Court of Appeal ruling in 'whistleblowing' case
Members of limited liability partnerships are not ‘workers’ under employment legislation, the Court of Appeal ruled this week dismissing a whistleblowing claim made against City firm Clyde & Co.
English qualified solicitor Krista Bates van Winkelhof alleged that she had been sacked by the firm in 2011, after she made allegations that the managing partner of the firm’s Tanzanian operation Ako Law had engaged in money laundering and corruption.
Bates van Winkelhof brought a whistleblowing complaint against the firm, under Section 47B of the Employment Rights Act 1996, on the grounds that she had made protected disclosures in respect of the senior partner of Ako Law. She also claimed that she had been subject to unlawful sexual discrimination, alleging that her dismissal from the firm was related to her pregnancy.

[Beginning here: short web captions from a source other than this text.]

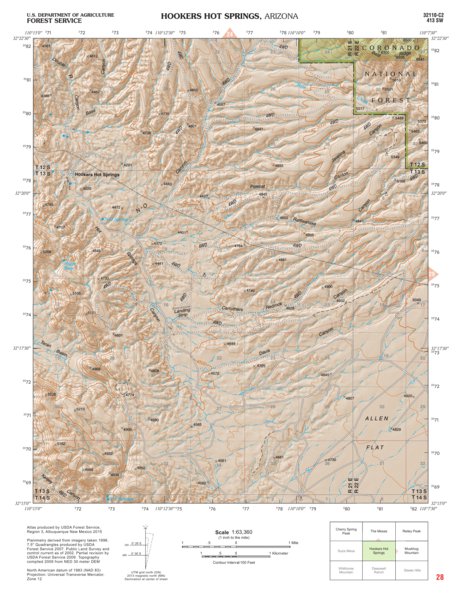 Coronado National Forest Quadrangle: HOOKERS HOT SPRINGS Preview 1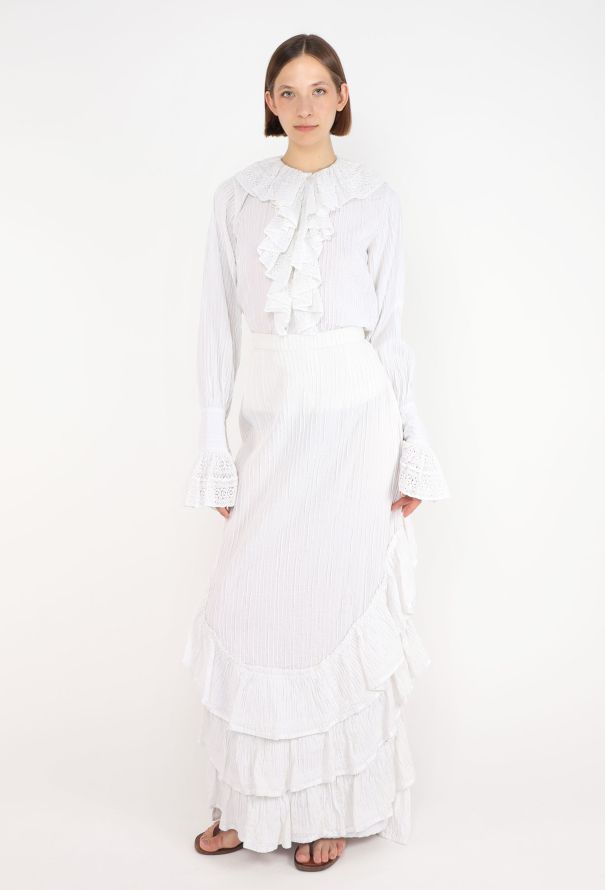 World Treasures Authentic Mexican Cotton Lace Ensemble, 1970s - 1
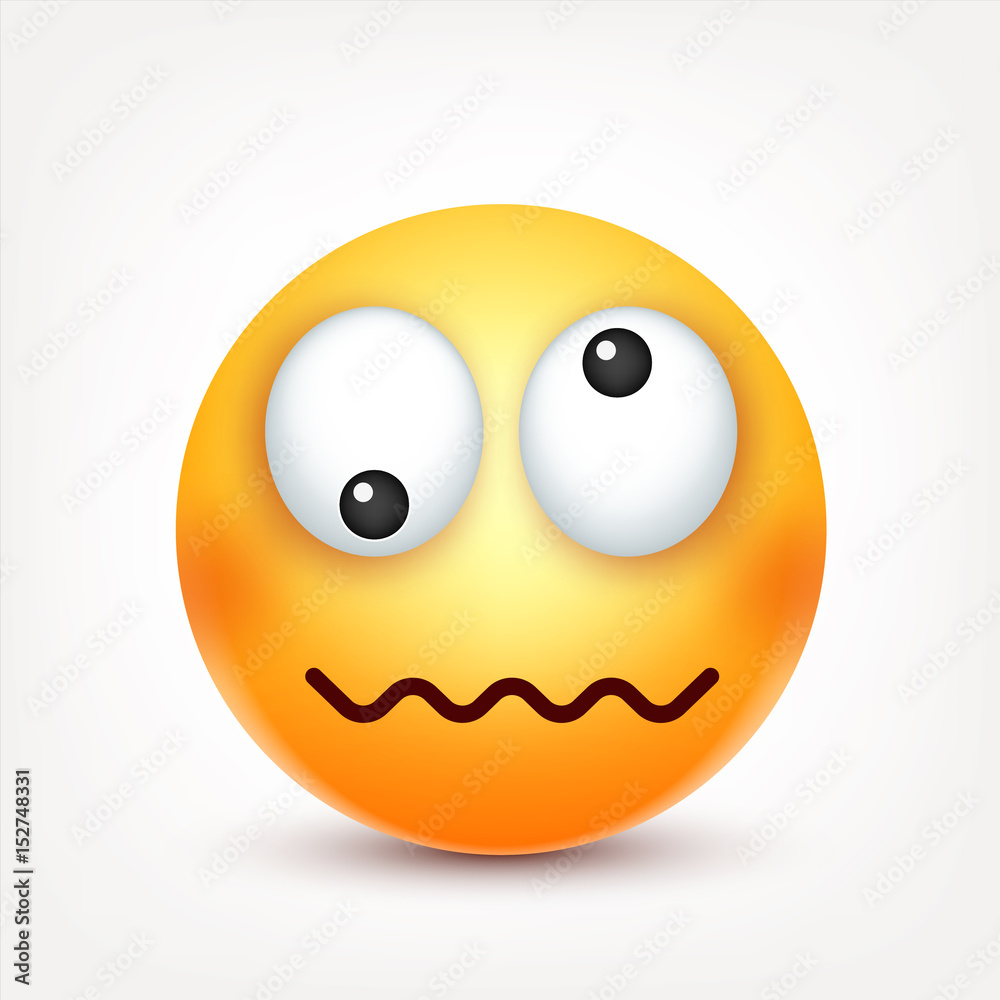 Smiley,crazy emoticon. Yellow face with emotions. Facial expression. 3d realistic emoji. Funny cartoon character.Mood. Web icon. Vector illustration. Smiley,crazy emoticon. Yellow face with emotions. Facial expression. 3d realistic emoji. Funny cartoon character.Mood. Web icon. Vector illustration.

Led by Lord Justice Elias, the Court of Appeal overturned the Employment Appeal Tribunal’s finding and ruled that a partner in an LLP could not be regarded as a worker for the purposes of the act and she had no jurisdiction to bring the whistleblowing claim.
Elias said that there were two ‘inter-related’ reasons why partners cannot have status as an employee: ‘The first is legal: since the partnership is not a separate legal entity, the parties are in a relationship with each other and accordingly each partner has to be employed, inter alia, by himself. He would be both workman and employer which is a legal impossibility.

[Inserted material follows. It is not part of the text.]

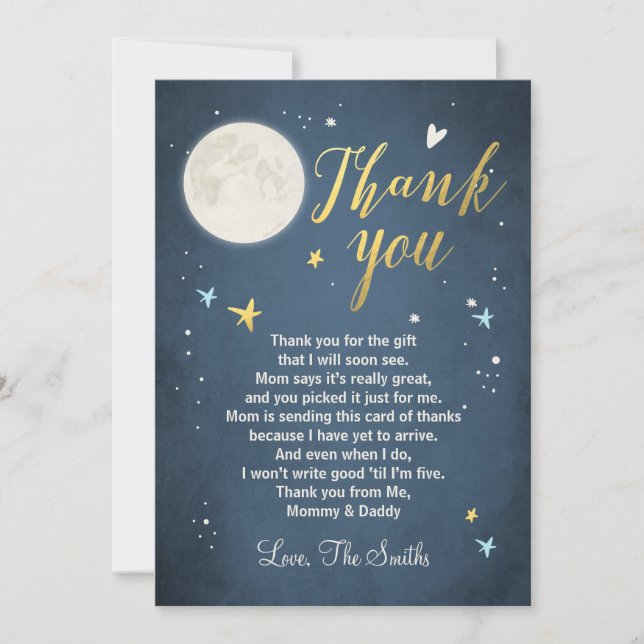 Baby Shower Thank You Card Love You to the Moon (Front)
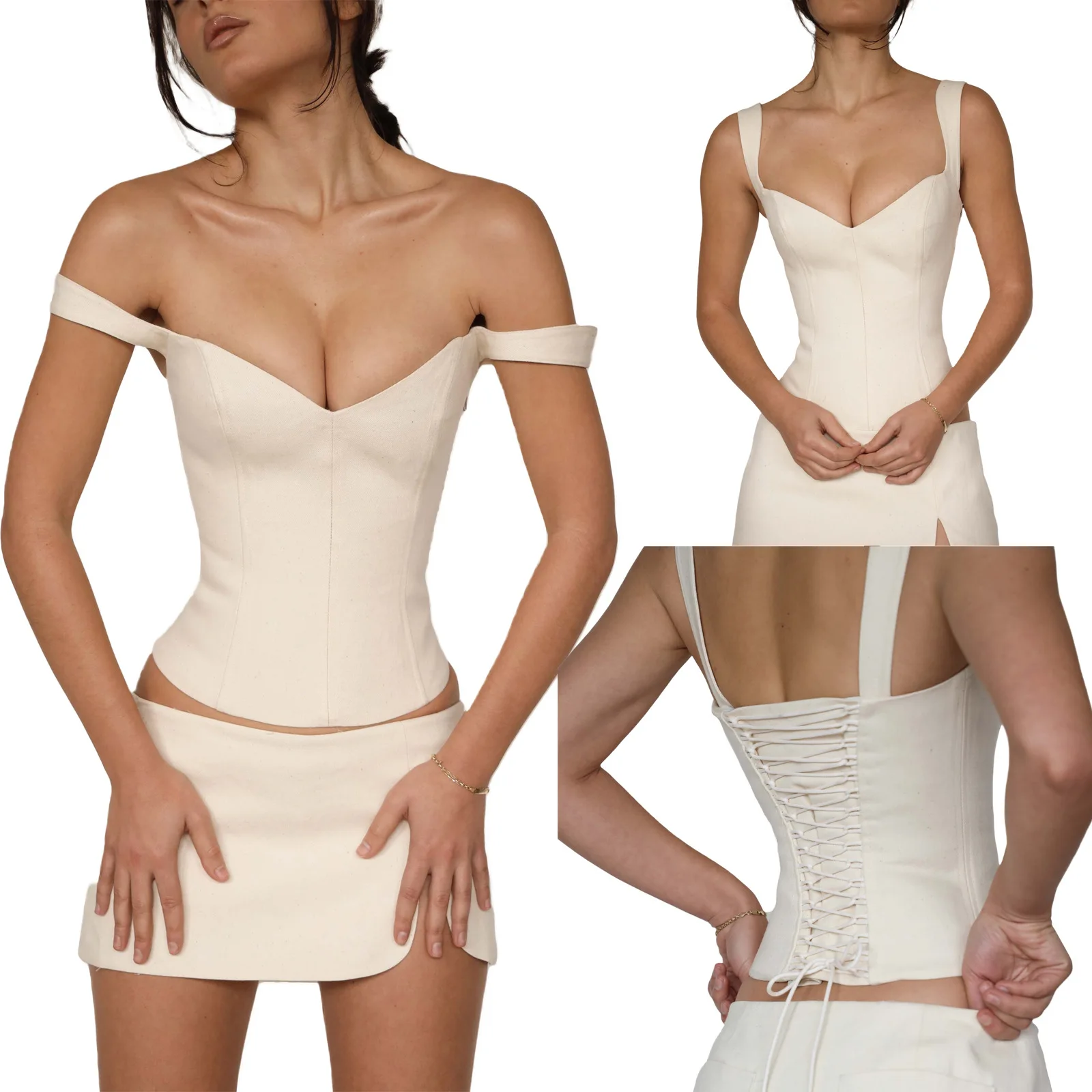 

Women's European American Style Tight Cotton Crop Top Strapless Bandeau with Tie Back Seamless Underlayer for Body Shaping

‘The second reason is more sociological. The very concept of employment presupposes as a matter of sociological fact a hierarchical relationship whereby the worker is to some extent at least subordinate to the employer.’

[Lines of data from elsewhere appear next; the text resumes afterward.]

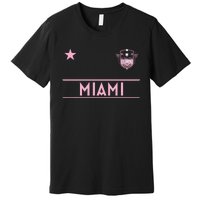 Miami Pink Palm Designer Badge Premium T-Shirt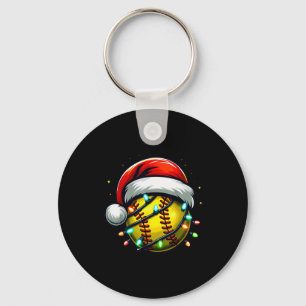Christmas Softball Xmas Santa Softball Lover Boys Keychain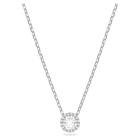 Angelic pendant, Round cut, White, Rhodium plated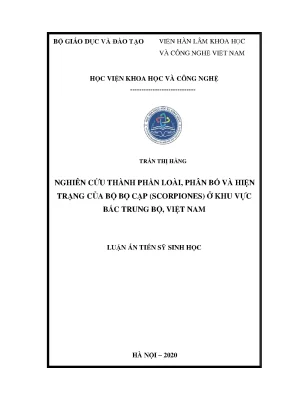 Nghiên cứu thành phần và hiện trạng bọ cạp Scorpiones ở 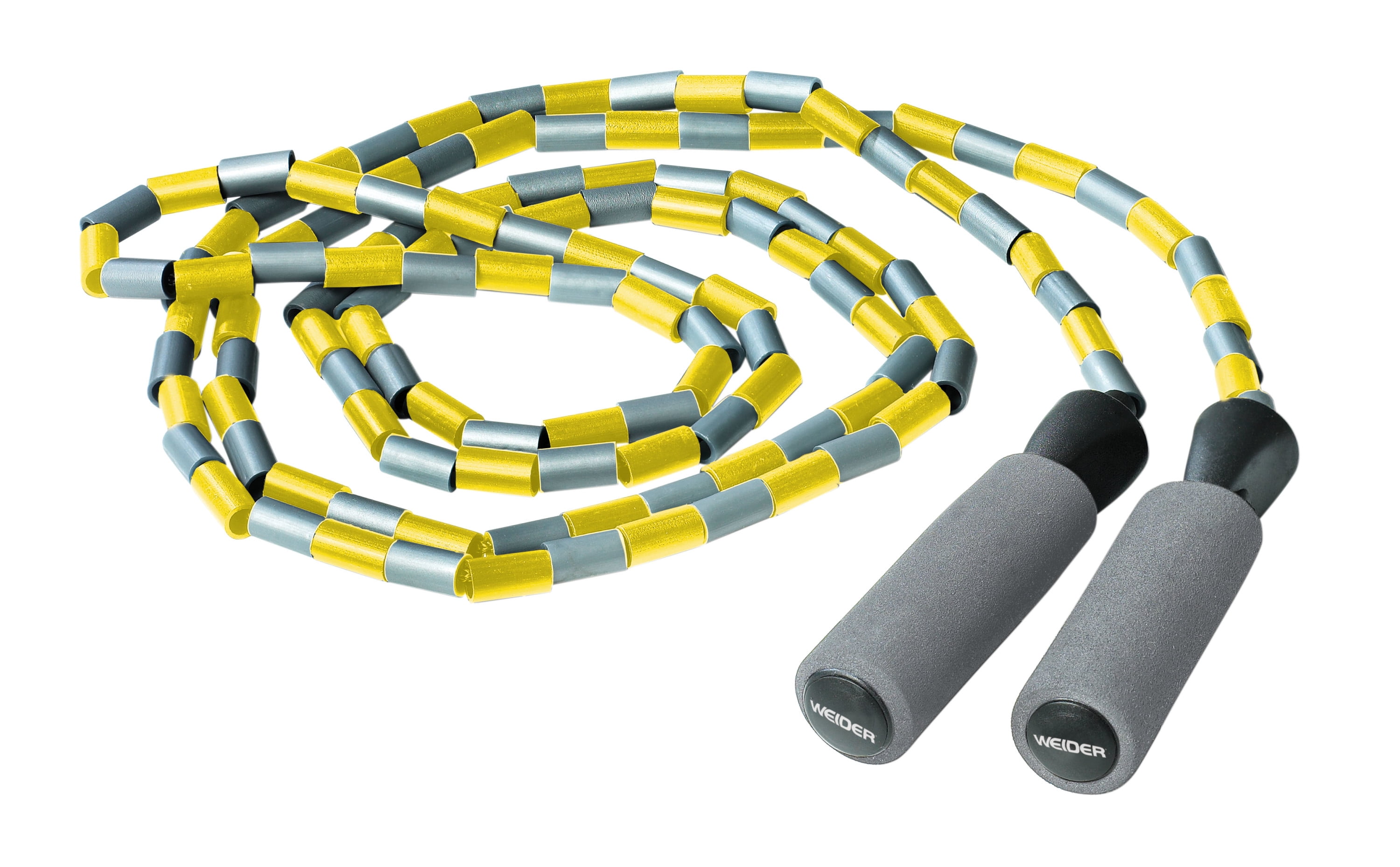 Weider Beaded Jump Rope with Foam Padded Handles for Improved Grip and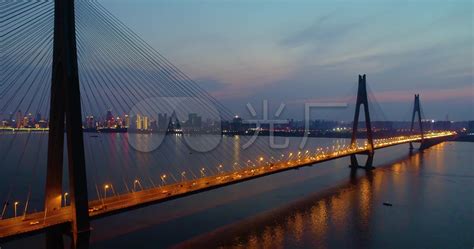 武汉长江大桥夜景,都市风光,建筑摄影,摄影素材,汇图网www.huitu.com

He concluded: ‘In my judgment, therefore, a member of an LLP who, if it had not been registered as an LLP would have been a partner in an 1890 Act partnership, can be neither an employee nor a limb (b) worker within the meaning of Section 230 of the Employment Rights Act 1996. It follows that the claimant cannot pursue her whistleblowing claim.’
But the court ruled that Bates van Winkelhof’s sex discrimination case against the firm can continue, accepting the lower court's rulings that she has a sufficient connection with the UK for the courts to have jurisdiction.
A spokeswoman for Clyde & Co said: ‘Clyde & Co welcomes the Court of Appeal’s decision upholding employment judge Welch’s original finding in respect of Ms Bates van Winkelhof’s legal status during her former role in Tanzania.’
She said: ‘We maintain that Ms Bates van Winkelhof’s claims of detriment were without merit and we entirely refute her remaining claims of discrimination. The firm strenuously denies that she was removed from the partnership as a result of her pregnancy or gender and indeed her other claims of detriment.
‘It was only after the process which led to her departure had begun that Ms Bates van Winkelhof began to make her allegations of discrimination. We continue to believe this issue could, and should, have been resolved through arbitration or mediation, as provided for in our partnership agreement.’